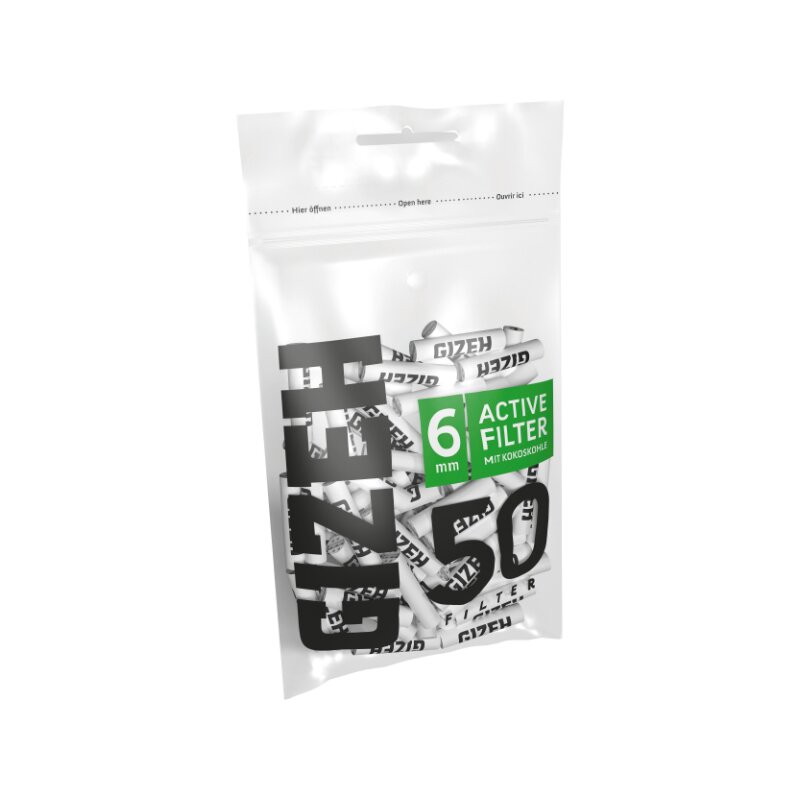 GIZEH - Active Filter 6mm - Black - Bag - 10 x 50 Stück Bild 2
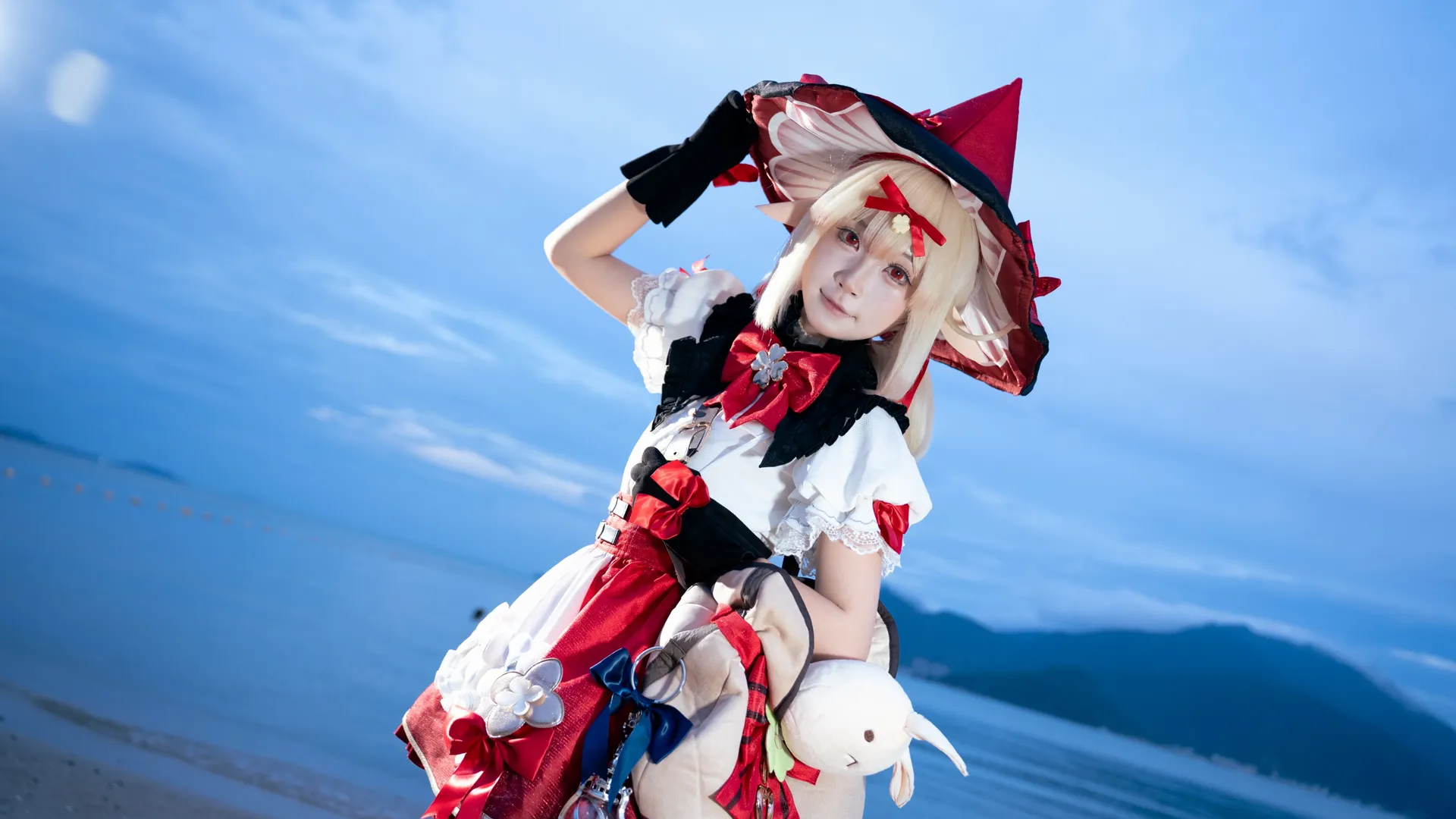 原神, 可莉cos, 二次元cos, cosplay摄影, 海岛外景
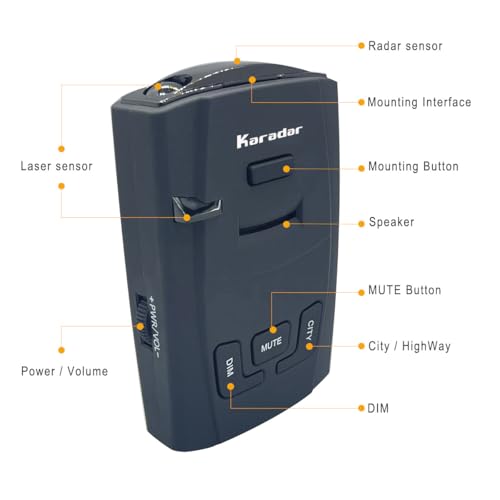 Radar Detectors for Cars American Laser KARADAR X K KA Bands VG 2 Protection S360 with LaserEye Front Rear Police Scanner - Image 3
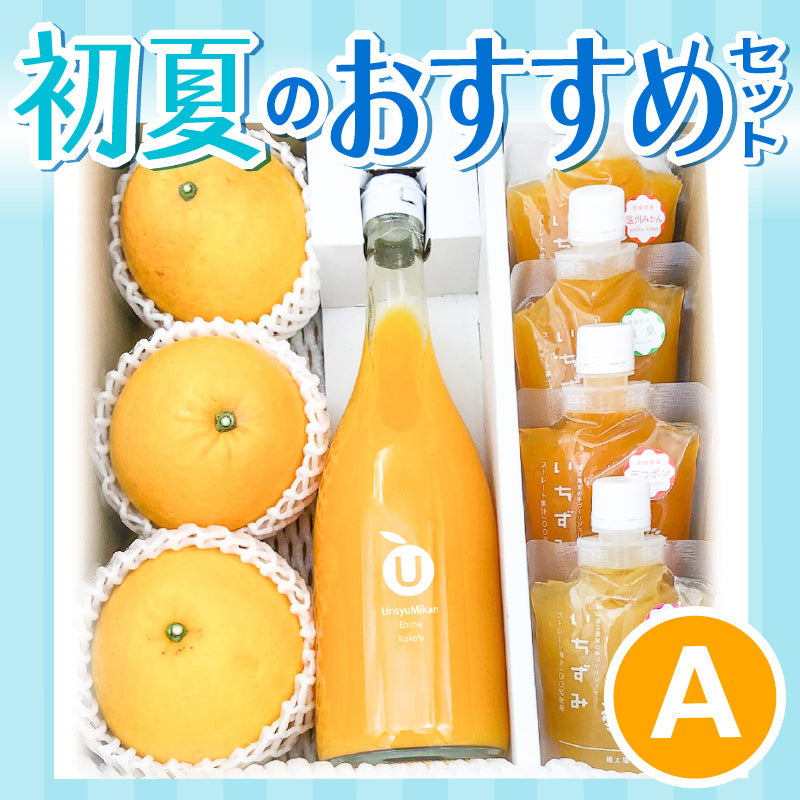 ※予約受付中※【送料無料】初夏のおすすめセットA　-河内晩柑＆温州みかんジュース＆ジュレ詰合せ-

ACTIVITY = Retype the listing above exactly, please. Pictures do not belong in the copy.

SOLUTION FOR THIS TASK =
 GIZEH - Active Filter 6mm - Black - Bag - 10 x 50 Stück Bild 2
 原神, 可莉cos, 二次元cos, cosplay摄影, 海岛外景
 Radar Detectors for Cars American Laser KARADAR X K KA Bands VG 2 Protection S360 with LaserEye Front Rear Police Scanner - Image 3
 ※予約受付中※【送料無料】初夏のおすすめセットA　-河内晩柑＆温州みかんジュース＆ジュレ詰合せ-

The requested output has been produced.